Practical Example: Monitoring System Calls
Suppose you want to monitor file-open operations on a Linux server.
An eBPF program can attach to the corresponding system call and capture details whenever a file is opened.
Simplified example:
SEC("tracepoint/syscalls/sys_enter_openat")
int trace_open(struct trace_event_raw_sys_enter *ctx)
{
bpf_printk("File opened");
return 0;
}
Whenever the file-open system call executes, the eBPF program runs and records the event.
This happens without modifying the application itself.
eBPF for Observability
Observability is one of the most popular eBPF use cases.
Performance Monitoring
Developers can identify:
CPU bottlenecks
Memory issues
Slow system calls
Disk I/O delays
Distributed Systems Visibility
eBPF helps trace requests across microservices and cloud-native environments.
Real-Time Diagnostics
Engineers can troubleshoot production issues without restarting applications.
Low Overhead Monitoring
Unlike heavy instrumentation approaches, eBPF collects data with minimal performance impact.
eBPF for Networking
Networking is where eBPF originally gained popularity.
Common networking use cases include:
Packet Inspection
Analyze network traffic directly inside the kernel.
Load Balancing
Implement high-performance traffic distribution.
Network Security
Detect suspicious traffic patterns.
Cloud-Native Networking
Many Kubernetes networking solutions use eBPF to improve performance and observability.
eBPF for Security
Security teams increasingly use eBPF for runtime protection.
Examples include:
Process Monitoring
Track process execution events.
File Access Auditing
Monitor sensitive file operations.
Threat Detection
Identify unusual system activity.
Runtime Enforcement
Prevent unauthorized actions before they impact the system.
Because eBPF operates at the kernel level, it provides detailed visibility that traditional security tools may miss.
Popular eBPF-Based Tools
Several modern observability platforms leverage eBPF.

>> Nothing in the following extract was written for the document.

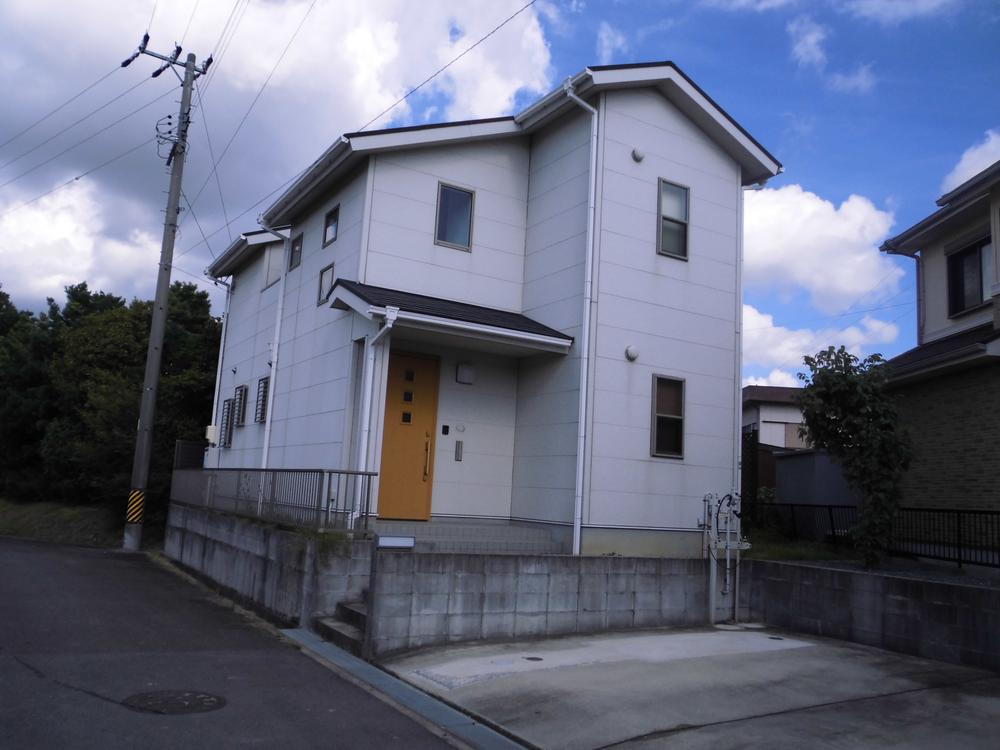 Local appearance photo. Local (09 May 2013) Shooting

Some well-known examples include:
Cilium
Pixie
Falco
BCC
bpftrace
These tools simplify eBPF adoption and provide ready-to-use monitoring capabilities.
Advantages of eBPF
Deep Kernel Visibility
Gain insights directly from operating system events.
No Application Changes
Most use cases do not require source code modifications.
Dynamic Deployment
Programs can be loaded and unloaded without rebooting the system.
Improved Performance
eBPF executes efficiently within the kernel.
Enhanced Security
Built-in verification ensures safe execution.
Best Practices for Using eBPF
Start with Existing Tools
Use mature solutions such as Cilium, Pixie, or bpftrace before writing custom programs.
Monitor Resource Usage
Although lightweight, poorly designed programs can still consume resources.
Test Before Production Deployment
Validate behavior in development and staging environments.
Keep Programs Focused
Small, targeted eBPF programs are easier to maintain and optimize.
Follow Kernel Compatibility Guidelines
Ensure the target Linux distribution supports the required eBPF features.
Conclusion
eBPF has transformed how developers and operators observe, secure, and manage Linux systems. By allowing safe execution of custom programs inside the kernel, it provides deep visibility into application behavior, networking activity, and system performance without requiring invasive instrumentation or kernel modifications.
From observability and networking to security and troubleshooting, eBPF enables capabilities that were previously difficult or impossible to achieve efficiently. As cloud-native architectures continue to evolve, eBPF is becoming a foundational technology for modern Linux infrastructure and a valuable skill for developers, platform engineers, and operations teams alike.